++++ Input data ++++
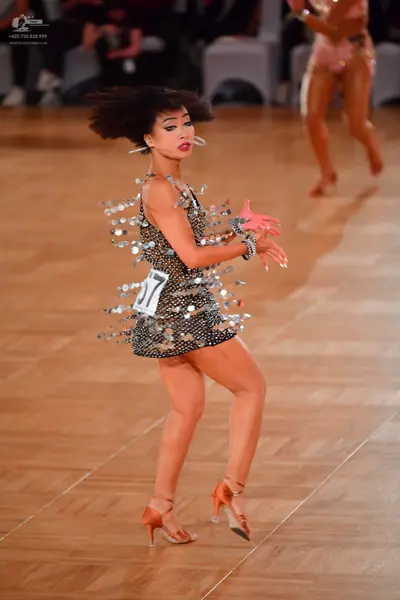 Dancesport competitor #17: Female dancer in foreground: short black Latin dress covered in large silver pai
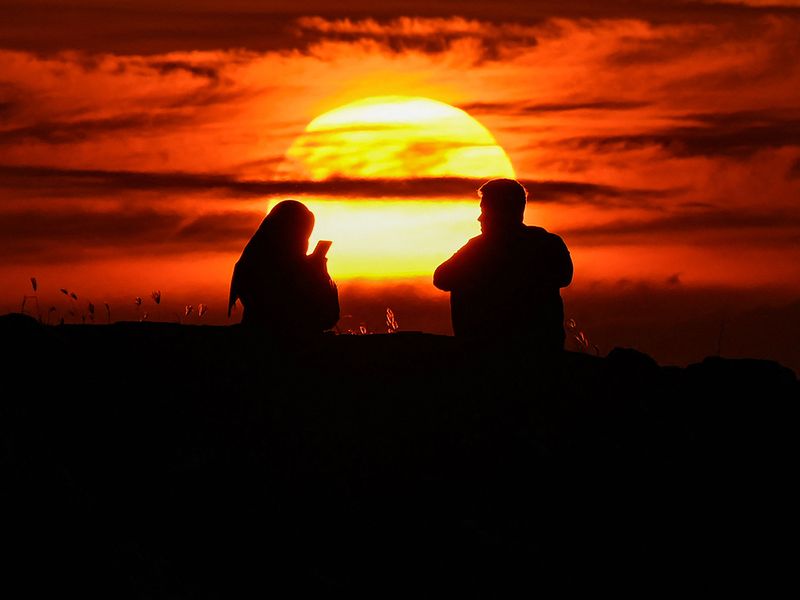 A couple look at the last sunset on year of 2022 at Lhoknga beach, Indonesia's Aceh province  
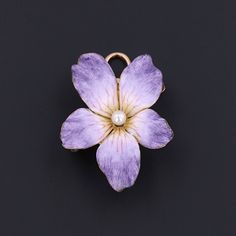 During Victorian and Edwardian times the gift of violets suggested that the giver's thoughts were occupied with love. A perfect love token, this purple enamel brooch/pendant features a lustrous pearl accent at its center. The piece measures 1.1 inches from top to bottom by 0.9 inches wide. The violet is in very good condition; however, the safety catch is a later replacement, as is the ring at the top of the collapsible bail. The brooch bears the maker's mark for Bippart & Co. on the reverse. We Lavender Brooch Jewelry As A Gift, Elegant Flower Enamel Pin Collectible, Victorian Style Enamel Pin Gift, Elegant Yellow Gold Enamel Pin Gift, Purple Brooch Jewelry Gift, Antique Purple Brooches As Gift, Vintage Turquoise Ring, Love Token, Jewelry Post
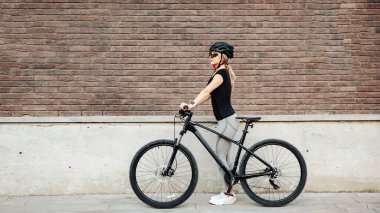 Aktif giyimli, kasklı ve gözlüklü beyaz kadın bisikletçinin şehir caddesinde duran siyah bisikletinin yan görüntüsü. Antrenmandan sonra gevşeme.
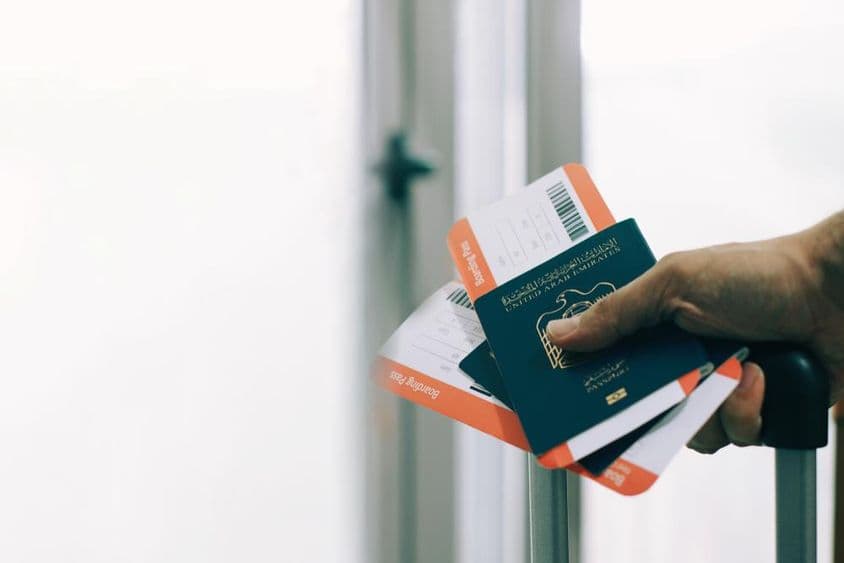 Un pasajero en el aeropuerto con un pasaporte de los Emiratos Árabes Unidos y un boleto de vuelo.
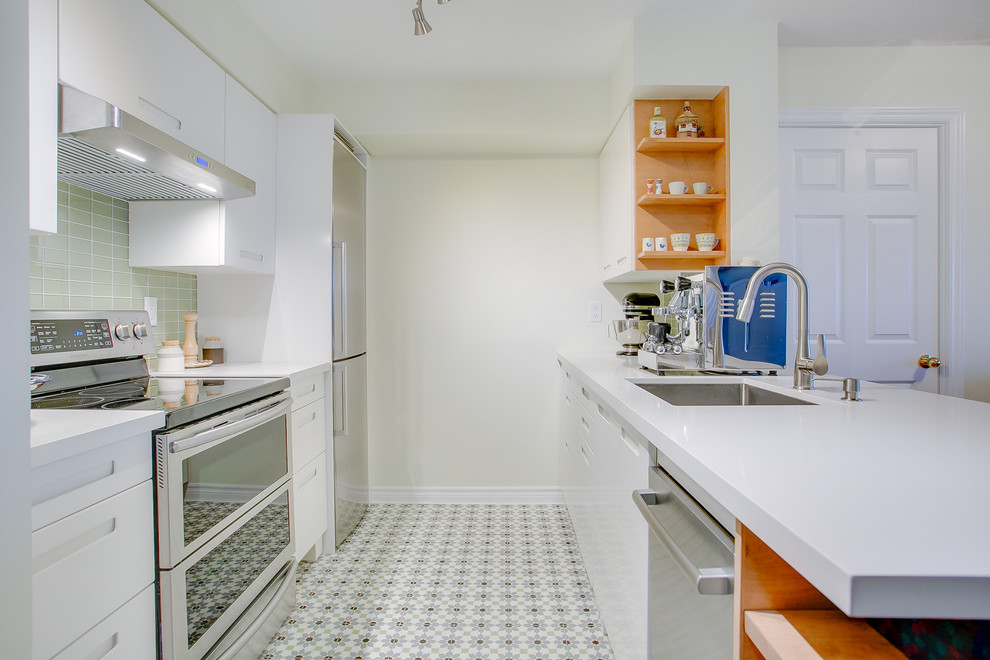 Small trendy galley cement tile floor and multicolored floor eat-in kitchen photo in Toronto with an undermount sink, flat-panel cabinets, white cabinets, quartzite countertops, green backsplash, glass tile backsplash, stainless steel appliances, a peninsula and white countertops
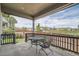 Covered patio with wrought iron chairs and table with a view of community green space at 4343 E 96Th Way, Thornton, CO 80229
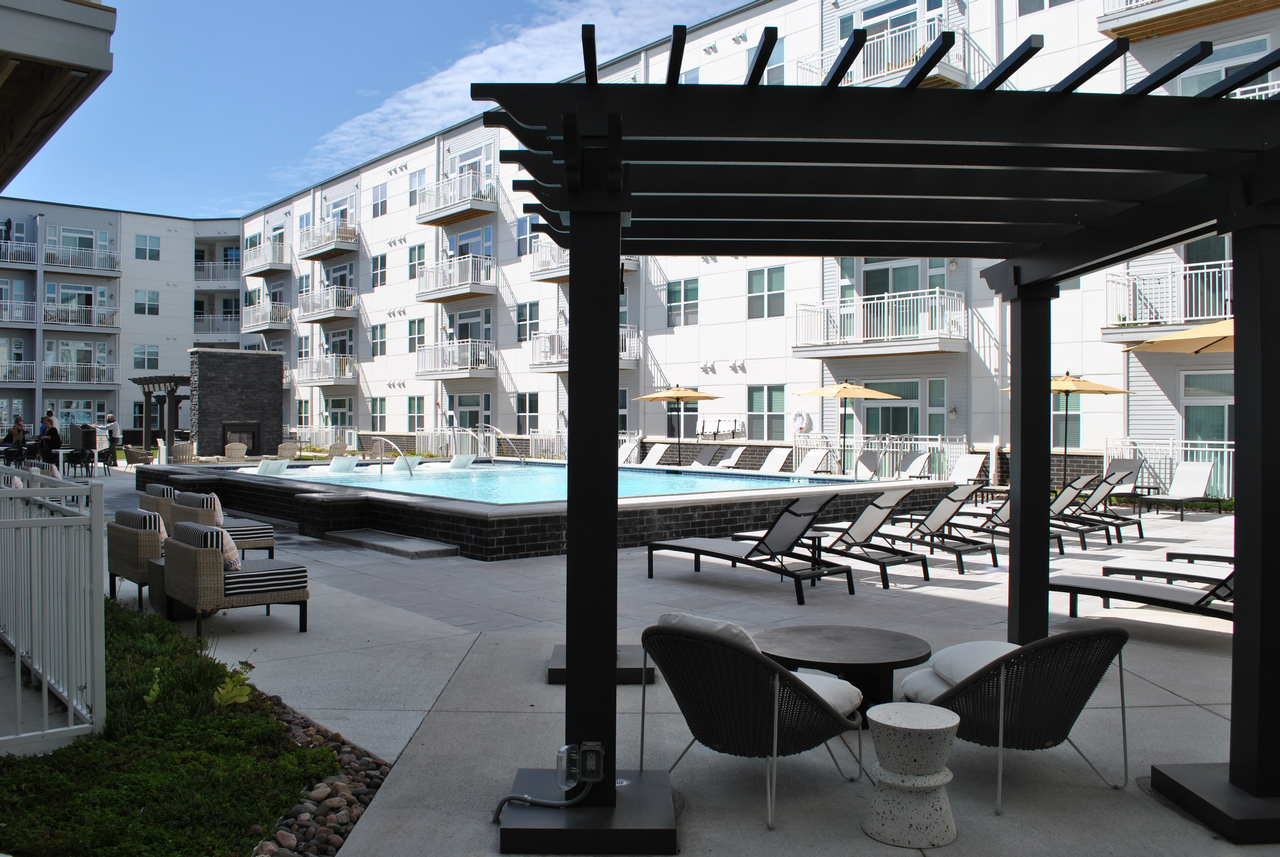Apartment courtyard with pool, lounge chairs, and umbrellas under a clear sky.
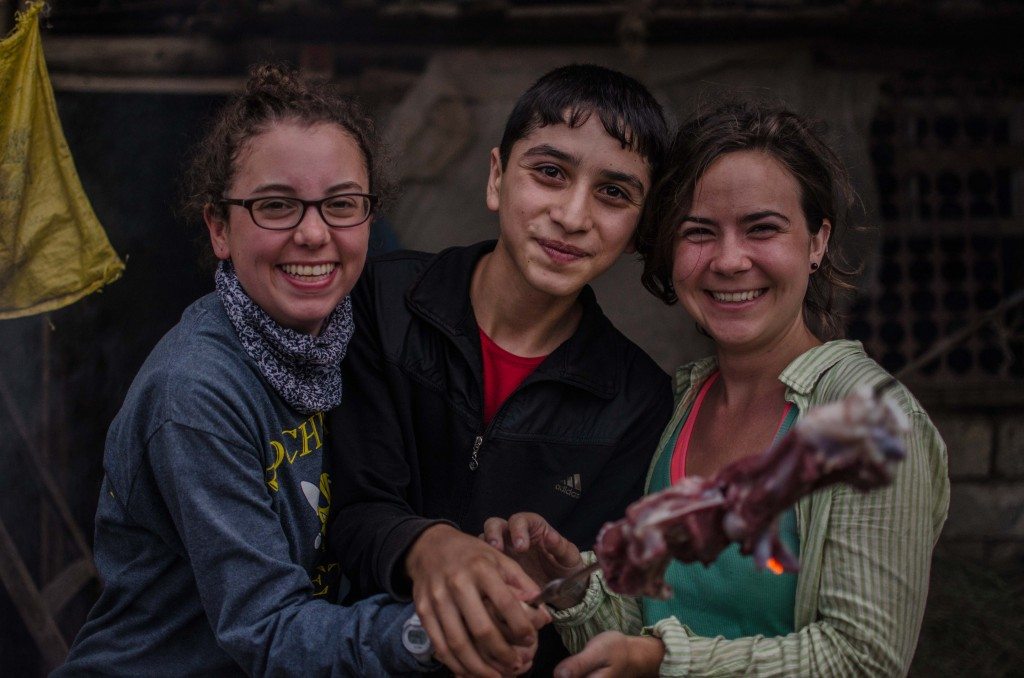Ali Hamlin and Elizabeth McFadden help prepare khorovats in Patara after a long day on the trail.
++++
++++ Input data ++++
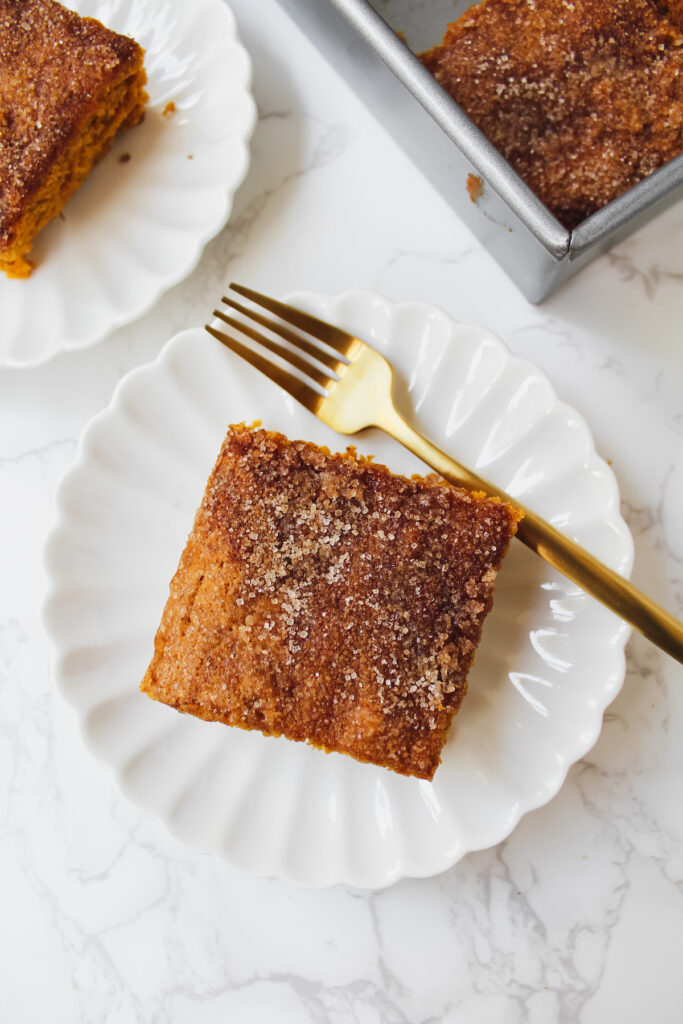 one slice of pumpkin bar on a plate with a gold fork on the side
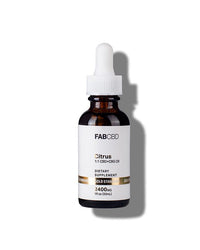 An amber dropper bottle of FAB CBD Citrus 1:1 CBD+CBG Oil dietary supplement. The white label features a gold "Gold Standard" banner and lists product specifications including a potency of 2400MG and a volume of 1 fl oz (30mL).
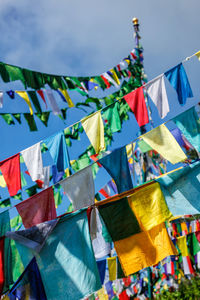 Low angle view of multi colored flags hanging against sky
++++
++++ Input data ++++
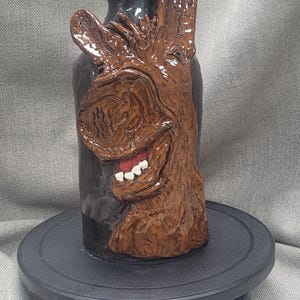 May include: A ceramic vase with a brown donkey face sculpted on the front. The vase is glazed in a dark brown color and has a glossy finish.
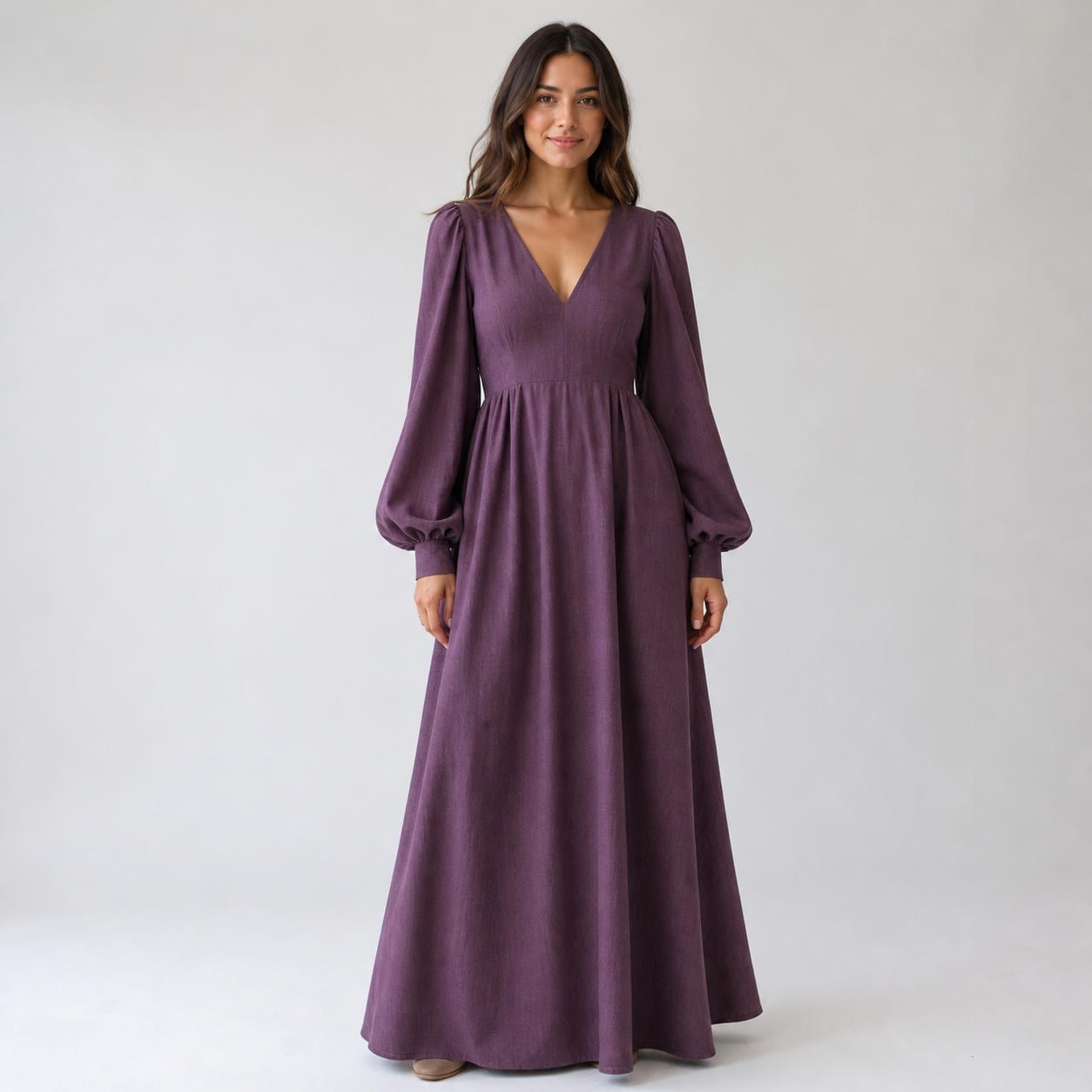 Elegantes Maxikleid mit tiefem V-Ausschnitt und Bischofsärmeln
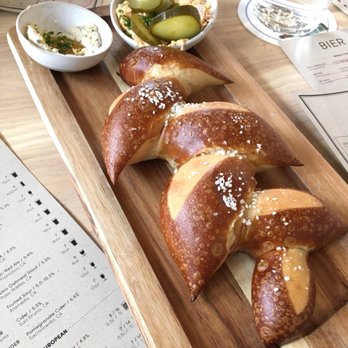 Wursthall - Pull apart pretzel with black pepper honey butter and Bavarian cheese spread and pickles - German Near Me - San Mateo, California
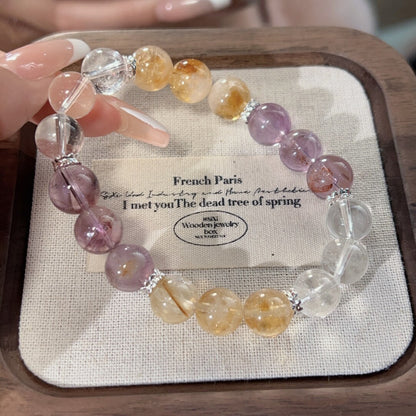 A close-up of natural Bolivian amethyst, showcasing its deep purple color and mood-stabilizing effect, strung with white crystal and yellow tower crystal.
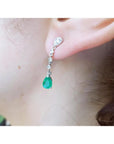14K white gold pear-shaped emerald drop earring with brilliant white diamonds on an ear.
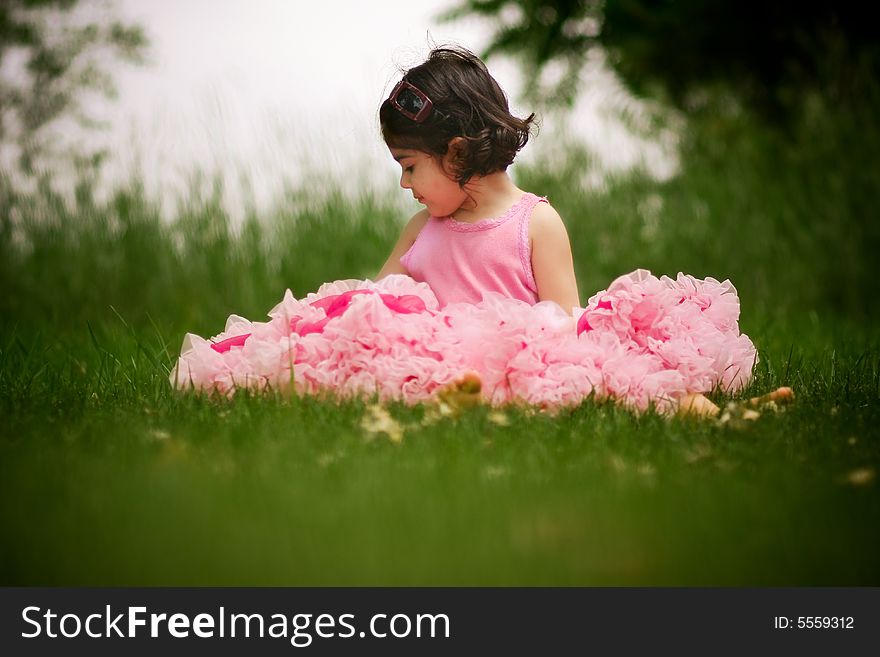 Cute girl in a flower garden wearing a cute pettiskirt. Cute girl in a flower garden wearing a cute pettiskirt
++++
**Exercise instructions:** Your answer is the exact run of lines above from the one with "An amber dropper" through the one with "Low angle view", both ends included, minus any picture.

**Reply:**
 An amber dropper bottle of FAB CBD Citrus 1:1 CBD+CBG Oil dietary supplement. The white label features a gold "Gold Standard" banner and lists product specifications including a potency of 2400MG and a volume of 1 fl oz (30mL).
 Low angle view of multi colored flags hanging against sky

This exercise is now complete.